What you will do —
Transcribe exactly everything in the data below from the line containing "Detailed view of" down to the line containing "2010 Honda Insight", both lines included and nothing further.

Study material —
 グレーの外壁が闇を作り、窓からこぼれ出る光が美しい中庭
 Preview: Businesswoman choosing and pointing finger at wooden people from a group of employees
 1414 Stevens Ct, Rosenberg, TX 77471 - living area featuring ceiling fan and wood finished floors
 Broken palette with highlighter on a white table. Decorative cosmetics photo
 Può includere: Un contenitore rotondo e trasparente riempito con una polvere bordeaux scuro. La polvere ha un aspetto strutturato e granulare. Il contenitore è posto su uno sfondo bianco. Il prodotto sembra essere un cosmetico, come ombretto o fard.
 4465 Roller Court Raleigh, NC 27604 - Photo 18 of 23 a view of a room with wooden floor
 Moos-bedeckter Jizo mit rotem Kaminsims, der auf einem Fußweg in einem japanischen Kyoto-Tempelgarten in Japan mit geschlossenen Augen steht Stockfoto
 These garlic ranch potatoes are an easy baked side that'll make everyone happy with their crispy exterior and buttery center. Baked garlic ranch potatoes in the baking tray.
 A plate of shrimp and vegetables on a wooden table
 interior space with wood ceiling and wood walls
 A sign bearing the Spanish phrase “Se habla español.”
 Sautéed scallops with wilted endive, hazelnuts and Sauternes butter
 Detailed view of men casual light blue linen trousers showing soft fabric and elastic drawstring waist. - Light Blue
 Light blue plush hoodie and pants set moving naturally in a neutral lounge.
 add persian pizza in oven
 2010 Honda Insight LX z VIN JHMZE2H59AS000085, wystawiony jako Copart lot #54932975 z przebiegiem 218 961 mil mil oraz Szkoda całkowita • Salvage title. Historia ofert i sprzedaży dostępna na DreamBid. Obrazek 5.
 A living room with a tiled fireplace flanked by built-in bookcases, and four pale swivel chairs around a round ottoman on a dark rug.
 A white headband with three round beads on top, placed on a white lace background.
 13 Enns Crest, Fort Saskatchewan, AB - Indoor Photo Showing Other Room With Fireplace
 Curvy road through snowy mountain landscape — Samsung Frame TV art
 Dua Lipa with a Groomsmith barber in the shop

Exercise output —
 Detailed view of men casual light blue linen trousers showing soft fabric and elastic drawstring waist. - Light Blue
 Light blue plush hoodie and pants set moving naturally in a neutral lounge.
 add persian pizza in oven
 2010 Honda Insight LX z VIN JHMZE2H59AS000085, wystawiony jako Copart lot #54932975 z przebiegiem 218 961 mil mil oraz Szkoda całkowita • Salvage title. Historia ofert i sprzedaży dostępna na DreamBid. Obrazek 5.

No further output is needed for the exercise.